____ Given data

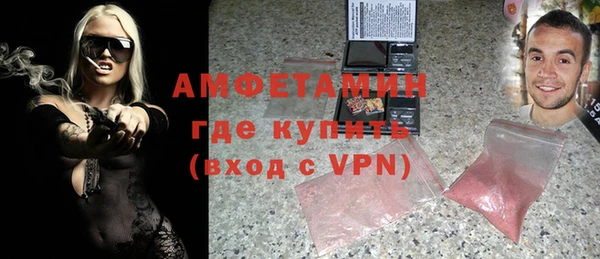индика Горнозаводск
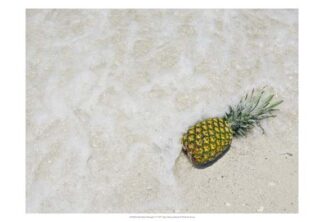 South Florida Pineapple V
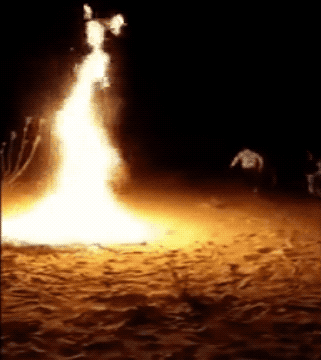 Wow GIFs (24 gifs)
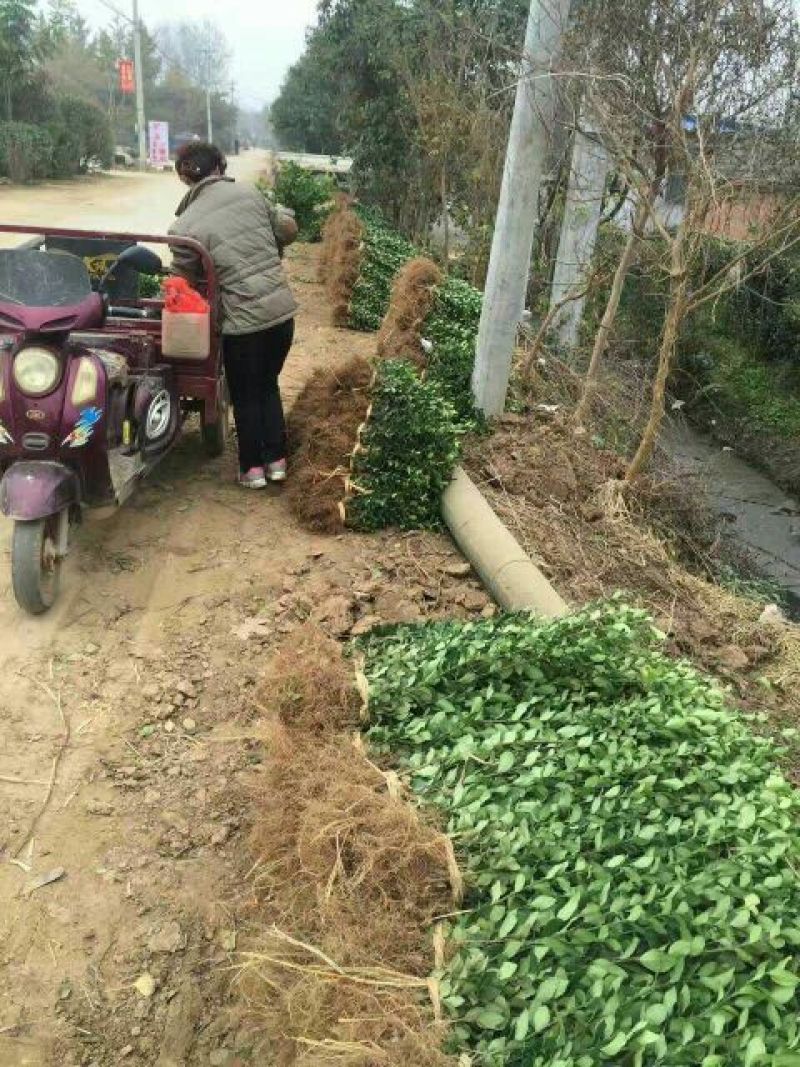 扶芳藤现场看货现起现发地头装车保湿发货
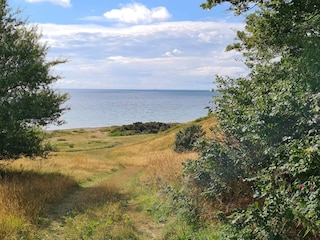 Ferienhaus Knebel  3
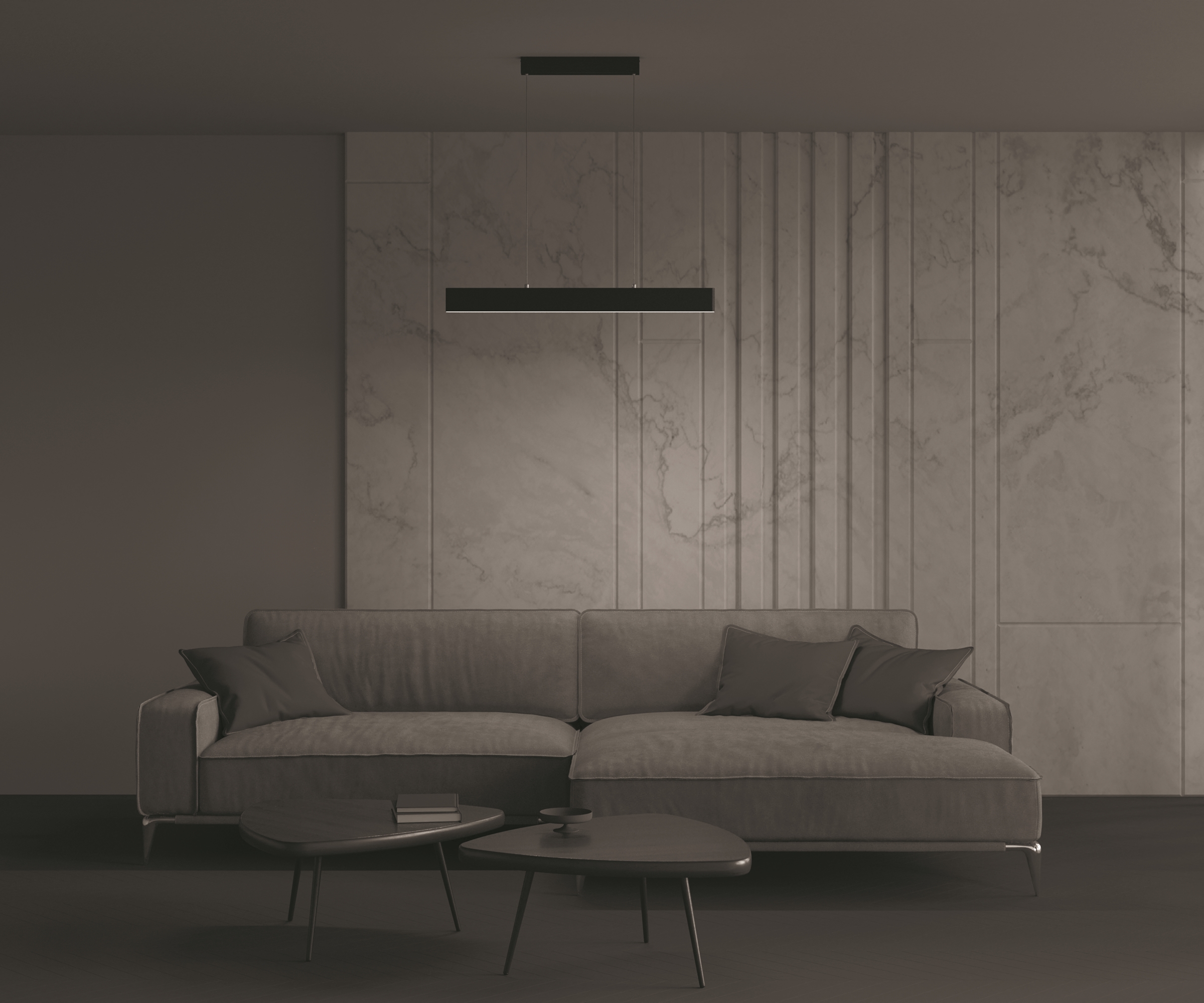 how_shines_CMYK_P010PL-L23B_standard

________
____ Given data

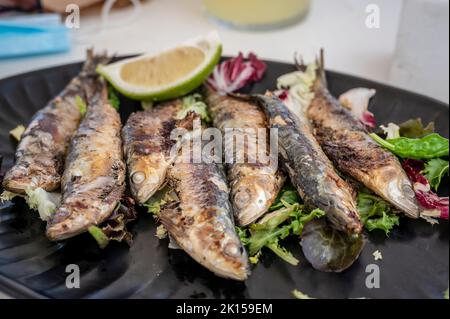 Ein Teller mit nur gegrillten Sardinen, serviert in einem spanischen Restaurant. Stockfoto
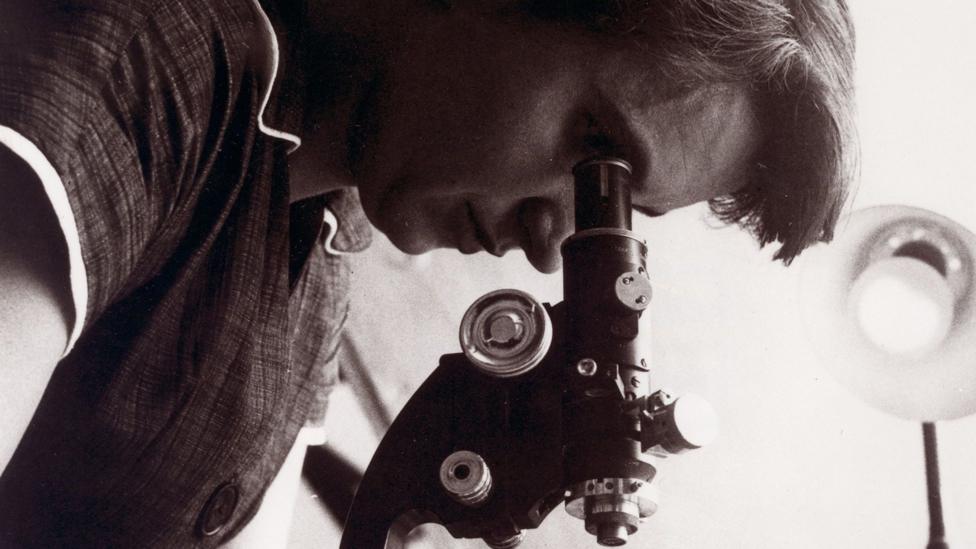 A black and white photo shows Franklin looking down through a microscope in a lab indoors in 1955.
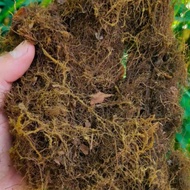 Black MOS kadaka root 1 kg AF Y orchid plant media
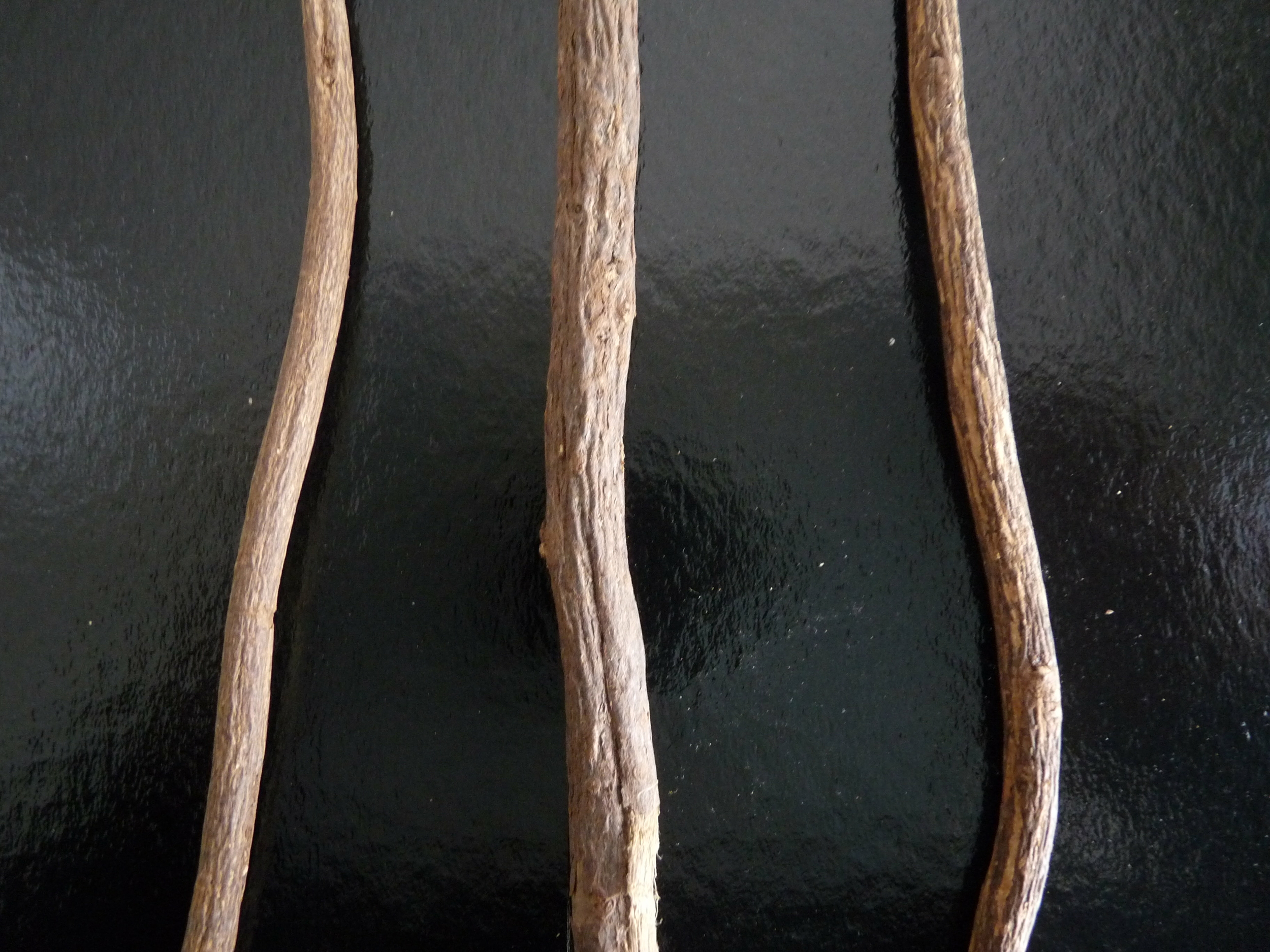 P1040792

________
____ Given data

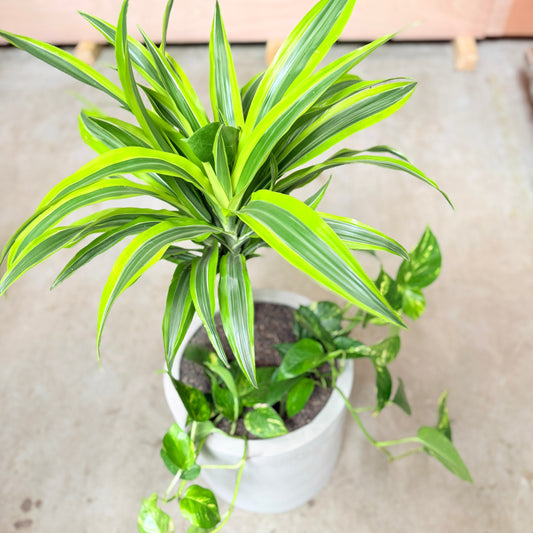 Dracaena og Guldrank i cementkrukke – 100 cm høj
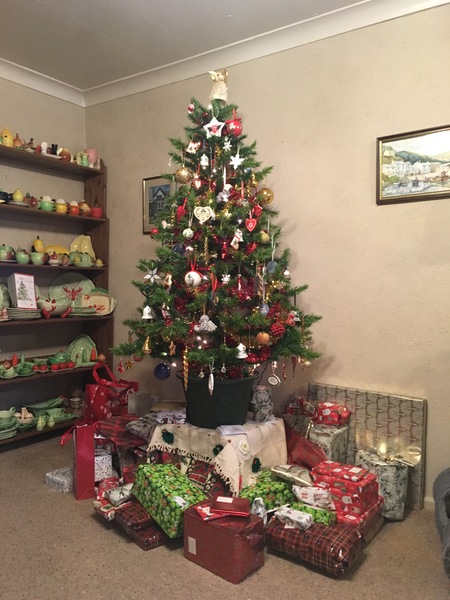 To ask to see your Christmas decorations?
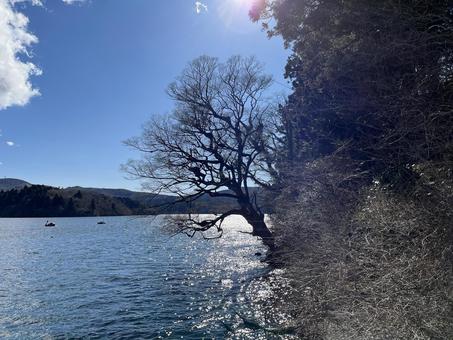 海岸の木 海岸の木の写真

________

* **Problem requirements**
Above are records with pictures. Reproduce exactly only the lines from the line with "South Florida Pineapple V" through the line with "how_shines_CMYK_P010PL-L23B_standard", both ends included, and leave the pictures out.

* **Response**
 South Florida Pineapple V
 Wow GIFs (24 gifs)
 扶芳藤现场看货现起现发地头装车保湿发货
 Ferienhaus Knebel  3
 how_shines_CMYK_P010PL-L23B_standard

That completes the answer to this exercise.